Friday, December 5, 2008

History of Carlisle

The first to settle Carlisle were John P. Karker, and Peter Young, both were Germans. Peter Young’s father had settled upon the Hudson, some years prior. Philip Karker planned to raise grapes on local hills. The book tells the story of Philip losing part of a silver coin, and was therefore unable to claim his father’s inheritance.

Few settlers took residence in Carlisle before the Revolution. During the war, many citizens were Tories, as well as patriots. The Karkers were patriots. A neat story is one in which Mrs. Karker was threatened by Tory neighbors, so she took her baby, and hid under a rock in order to escape.

Judge John Brown was born in 1754 to Palatine parents. Mr. Brown was a Captain of a patriot militia, yet was called a Tory because he wanted to give former Tories the right to vote. Brown was the one that first wrote a text of Schoharie County history, although he only went to school for six weeks. Mr. Brown was a judge for twenty-five years.

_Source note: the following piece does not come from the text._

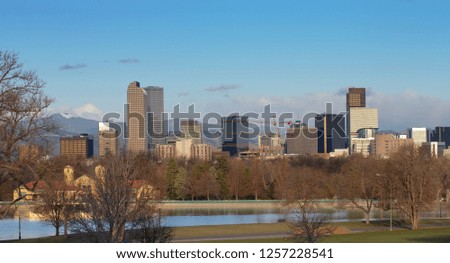 Denver Skyline with Park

Benjamin Young built a tavern in 1808. The book states that horse racing, wrestling, drinking, card-playing, and other “immoral customs” took place there.

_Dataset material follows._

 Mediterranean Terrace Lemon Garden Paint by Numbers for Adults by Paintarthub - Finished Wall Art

East of the schoolhouse in Carlisle, there was a racetrack, which held races even on holy Sunday. Another citizen of Carlisle was Elijah Huntington, who stated he had a coffee house. Carlisle had six churches, all Protestant.

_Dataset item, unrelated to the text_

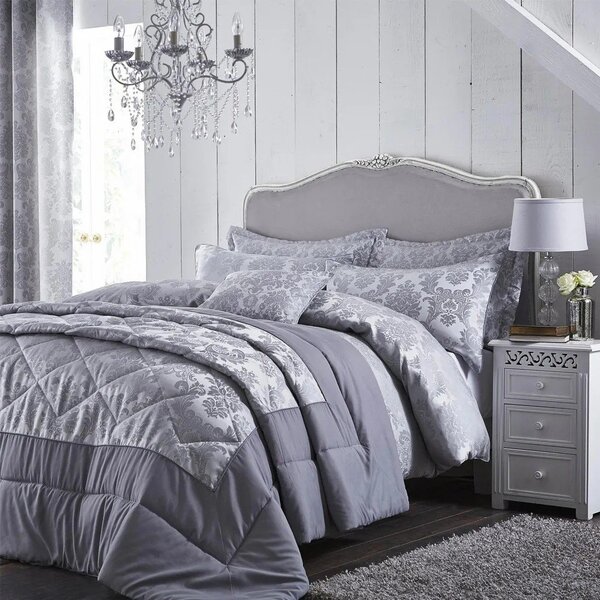 Siva posteljnina Catherine Lansfield Jacquard, 135 x 200 cm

In 1852, a seminary was built in Carlisle, but by the time the book was written, it had been torn down. Carlisle had a foundry, which was built in 1846. After many bank-notes caused inflation, some Irish renegades stole much of it from a man named Peter Becker. But they were tracked down by a group of citizens. The first mill house was built in 1790. There is a cave in town with a ceiling of fifty feet, and contains stalagmites and stalactites. Since the death of a professor in the cave, few people have gone.

It’s amazing how quickly people forget history, when they want to push their point, especially in the case of Mr. Brown.